A smiling woman facing the camera

Merav Opher

Voyager Guest Investigator

Role on Voyager

Guest Investigator

Current role

Voyager Guest Investigator

Hometown

Haifa, Israel, and Sao Paulo, Brazil

What is your most meaningful Voyager moment and why?

My involvement with the Voyager mission started in 2001, when I started using and adapting a major computational code developed by the University of Michigan to study the outer layer of the heliosphere, where this bubble of plasma that the Sun blows around itself touches interstellar space.

By 2004, I realized I was stumbling on a question that had not been asked before: How does the heliospheric current sheet (the region where the solar magnetic field reverses direction) behave in the outer regions of the heliosphere? I was eager to talk about the possible effects of the solar and interstellar magnetic field with Voyager Project Scientist Ed Stone as the two Voyagers were exploring this region. I summoned my courage and called him at his Caltech office. After half an hour -- to my surprise -- he told me to just come over to Caltech and meet him. This started a collaboration that led to a joint paper on the effect of the interstellar magnetic field pushing in on the southern hemisphere of the heliosphere where Voyager 2 is traveling. We predicted that the termination shock (the region where the plasma flowing out from the Sun slows down) would be closer to the Sun at Voyager 2 than at Voyager 1. The paper was published in 2006 just before Voyager 2 crossed the termination shock, 10 astronomical units closer to the Sun than Voyager 1 had crossed in 2005 -- cementing our prediction that the interstellar magnetic field indeed distorts the heliosphere.

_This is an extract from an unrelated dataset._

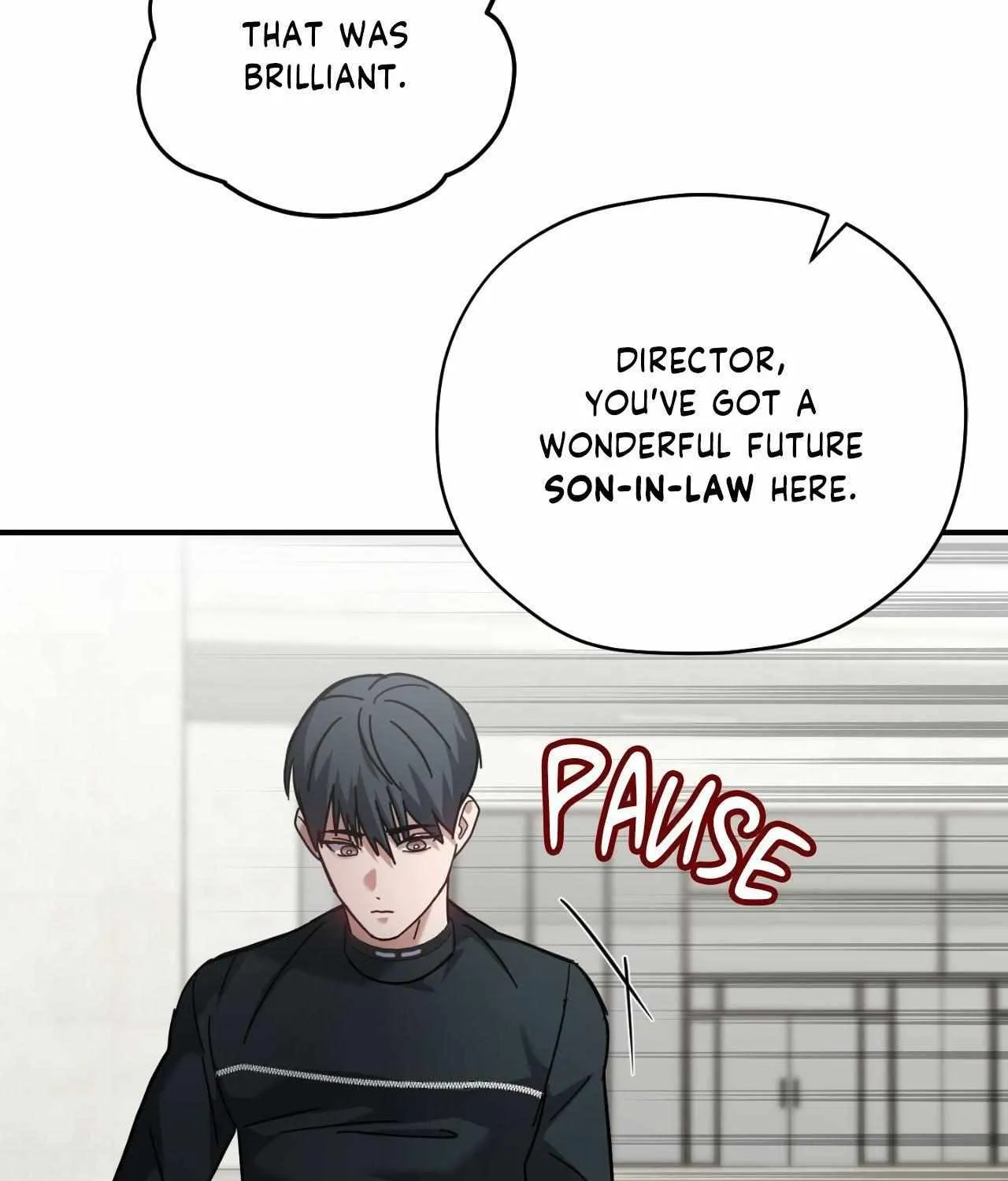Read His Perfect Guide chapter 9 image 157 on Lezhin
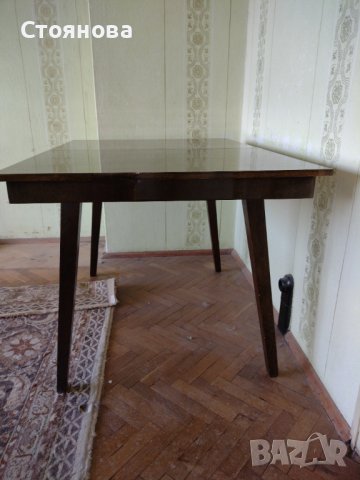 Трапезна маса , снимка 2 - Маси - 37952991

Some of my fondest memories of this time were my meetings with Dr. Stone when he would bring his wooden ruler and measure the distances to the heliospheric boundaries in my computer plots. We were trying to make the prior computational predictions more quantitative like the precise laboratory experiments that Dr. Stone was used to. We would spend hours translating between the computer language of grid resolutions and our theoretical expectations.

I attended my first Voyager science steering group meeting led by Ed Stone as a guest investigator about 12 years ago. (The picture is from that first meeting.) At first I felt like an outsider, as if I was entering a party that had been going on for years, where the guests had been talking to each other for decades. Also, I was the only female scientist in the room. But then, we were all thrilled to see the latest Voyager data. Almost every six months there was a new surprise. The data returned were so fragile, from instruments such as the magnetometers that were designed for much stronger planetary magnetic fields than the ones measured so far away. I feel deep gratitude – for being able to take part in this mission that keeps changing the paradigms of what we know about the edges of the heliosphere.